COLUNA DA HORA, JORNALISTA GÉRI ANDERSON – UMA ANÁLISE SOBRE HILDON CHAVES, O CANDIDATO “TIOZÃO” QUE AINDA TEM MUITO JOGO PELA FRENTE

PUBLICIDADE

 

 

Nem todo bom gestor nasce para o debate

Hildon Chaves, 58 anos, talvez esteja vivendo uma das campanhas mais diferentes de sua trajetória política. Nos dois primeiros debates na disputa pelo Governo de Rondônia, não foi o candidato que mais brilhou. Faltou agilidade em alguns momentos, faltou aquela resposta pronta e, principalmente, faltou transformar experiência de gestão em desempenho de televisão.

Mas tem trajetória

O desempenho ficou aquém do que se poderia esperar de alguém com trajetória política e administrativa consolidada.

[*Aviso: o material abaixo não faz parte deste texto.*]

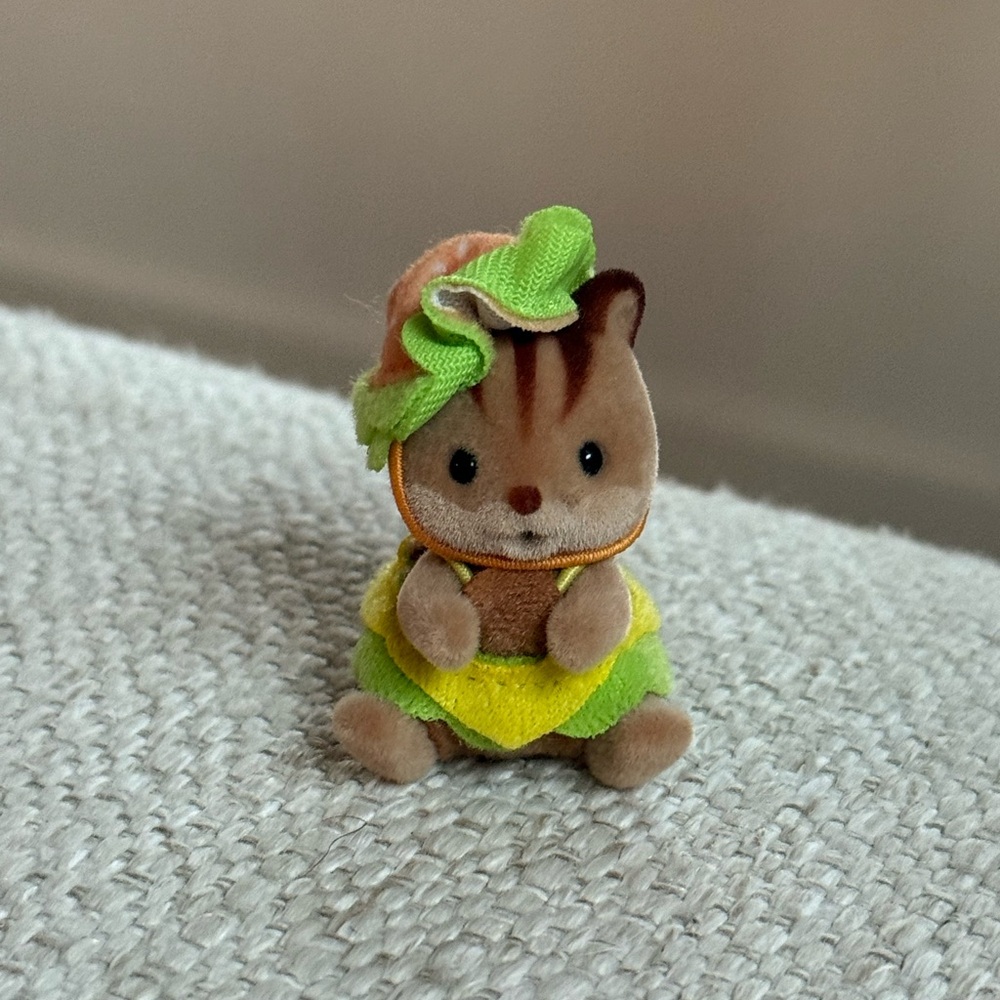 Sylvanian Familes/Calico Critters Baby Hamburger Shop Series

Em alguns momentos, faltou velocidade nas respostas e capacidade de transformar conhecimento técnico em um discurso mais direto para o eleitor. Isso, porém, é apenas uma parte da campanha.

O jogo só acaba quando termina

É preciso reconhecer que Hildon não tem sido o melhor debatedor da campanha, mas uma eleição não termina quando acaba o debate. No programa de tv, contam rapidez, comunicação e capacidade de responder sob pressão. Na gestão, entram planejamento, execução, articulação política, controle de recursos e capacidade de entregar resultados.

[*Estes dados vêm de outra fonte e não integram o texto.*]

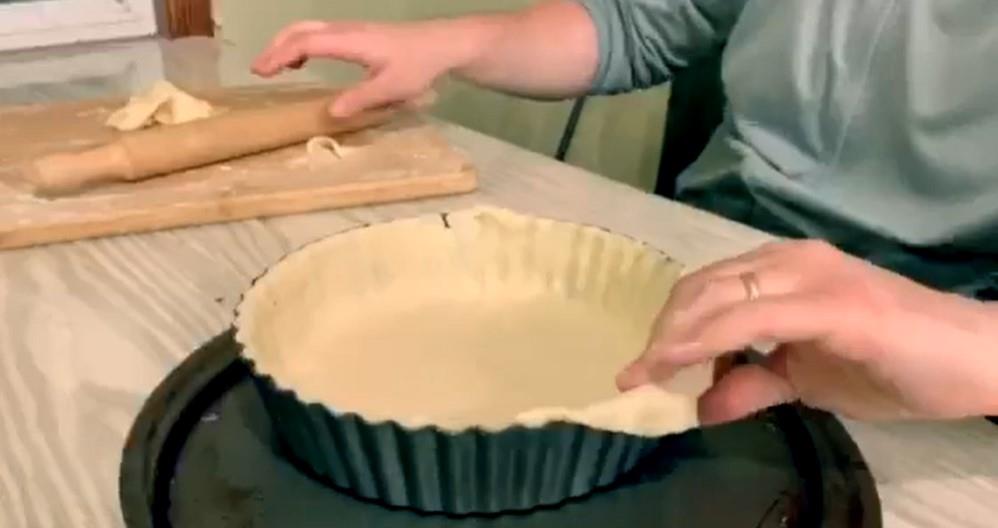 Pekač za pito / odstranljivo dno / 25cm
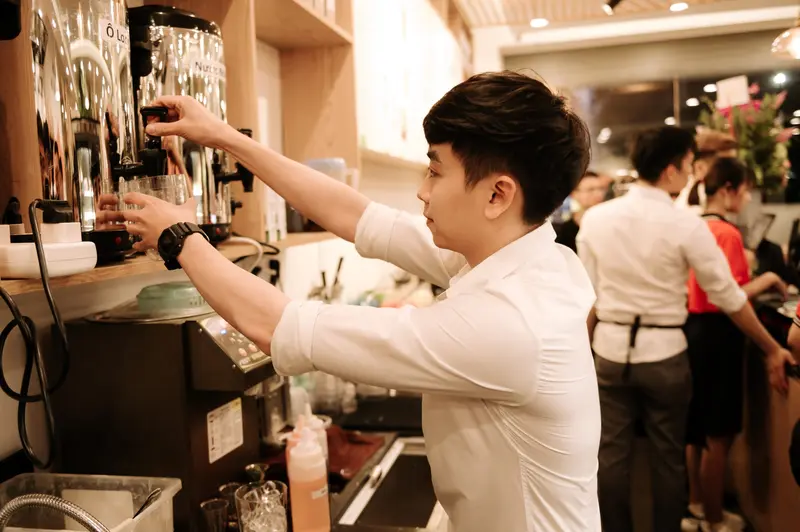 Hình ảnh nhân viên đang pha chế trà sữa Pozaa Tea.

O Hildon de hoje não é o de dez anos atrás

Também seria injusto cobrar do candidato de hoje o mesmo Hildon de uma década atrás. O tempo passou, a política mudou e ele mudou junto.

O que permanece é a capacidade de raciocínio

Nas entrevistas, em conversas mais longas e quando consegue desenvolver uma ideia sem o cronômetro dos debates, Hildon demonstra que está com a cognição em dia. Pensa, articula, lembra números, fala sobre problemas da administração pública e, sobretudo, consegue apresentar aquilo que talvez seja seu maior patrimônio eleitoral, que, sem dúvida, é sua experiência acumulada.

O “tiozão” tem currículo

Há uma diferença importante entre falar sobre gestão e ter passado oito anos sentado na cadeira de prefeito. Hildon foi reeleito em Porto Velho e deixou uma marca administrativa construída em dois mandatos. Obras, organização da máquina pública, investimentos e uma condução que buscou manter as contas sob controle fazem parte desse legado. Pode-se discutir escolhas, prioridades e até resultados. Política é justamente isso. Mas é difícil discutir que Hildon tem o que mostrar.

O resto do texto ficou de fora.